Start of Exercise data
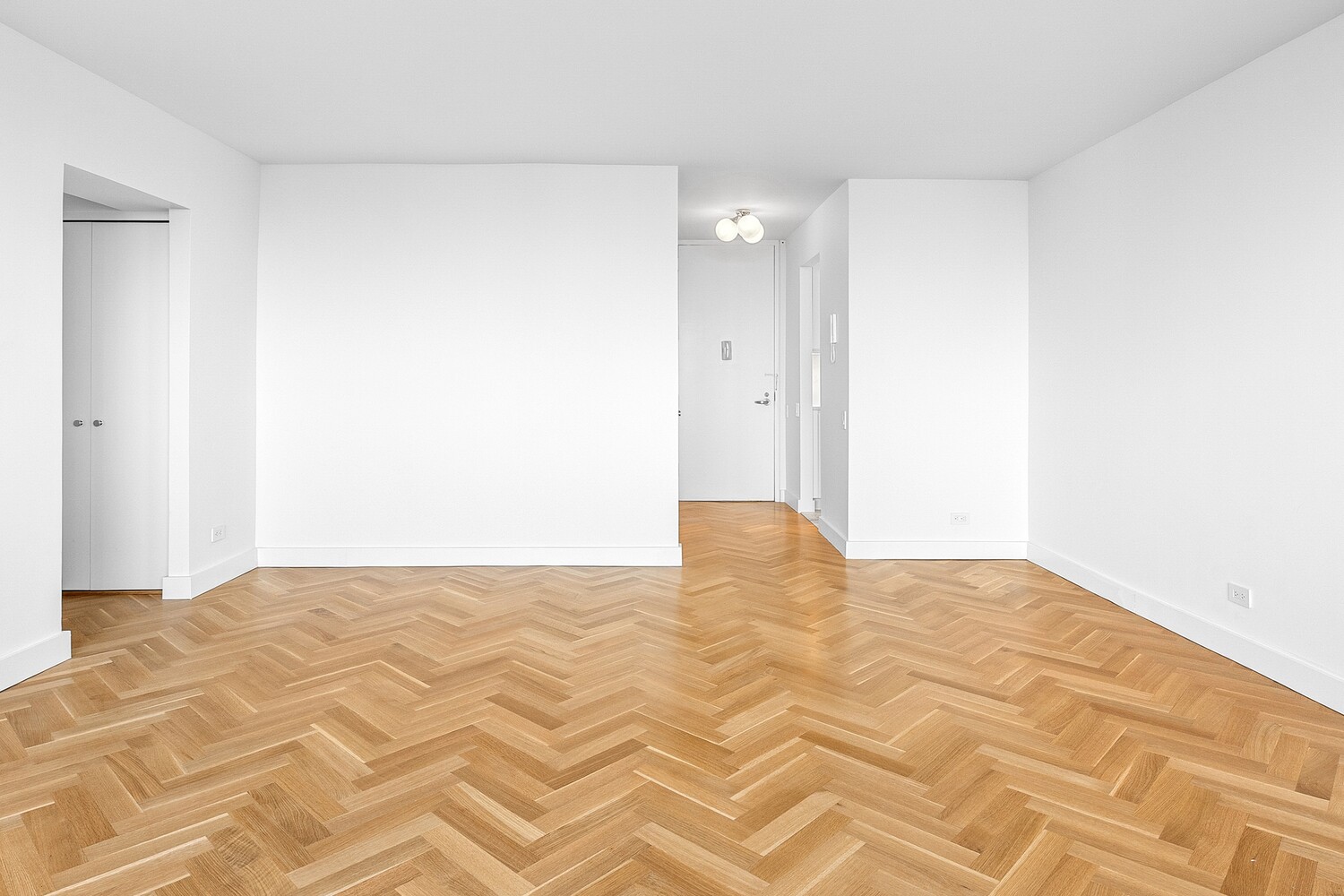 45 West 67th Street 25F Lincoln Square New York NY 10023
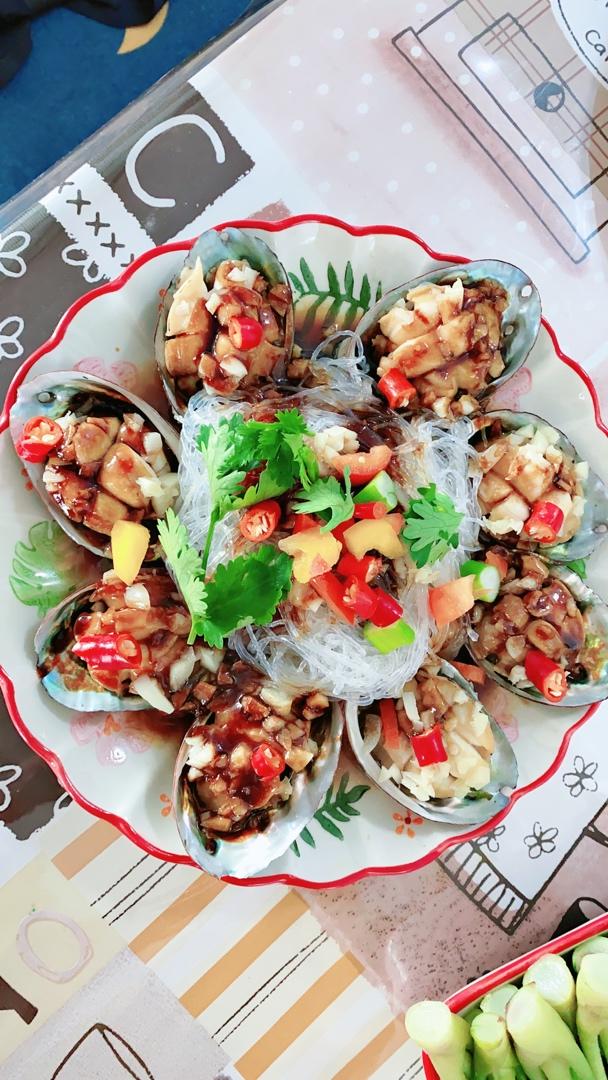 蒜蓉粉丝蒸鲍鱼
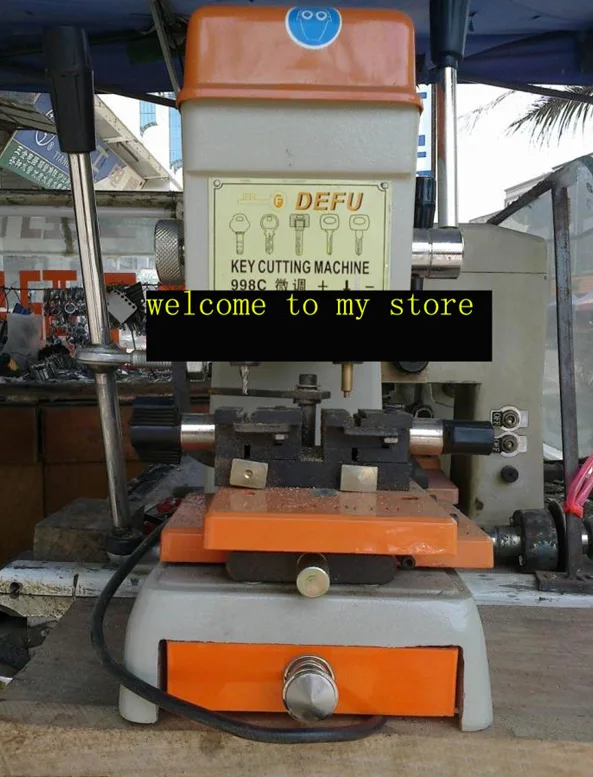 

Key Cutting Machine 110V/220V Key Copy Machine Key Cutter 998C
End of Exercise data
[Your task]
Write the material out again exactly. Do not include the pictures.

[Written answer]
 45 West 67th Street 25F Lincoln Square New York NY 10023
 蒜蓉粉丝蒸鲍鱼

Key Cutting Machine 110V/220V Key Copy Machine Key Cutter 998C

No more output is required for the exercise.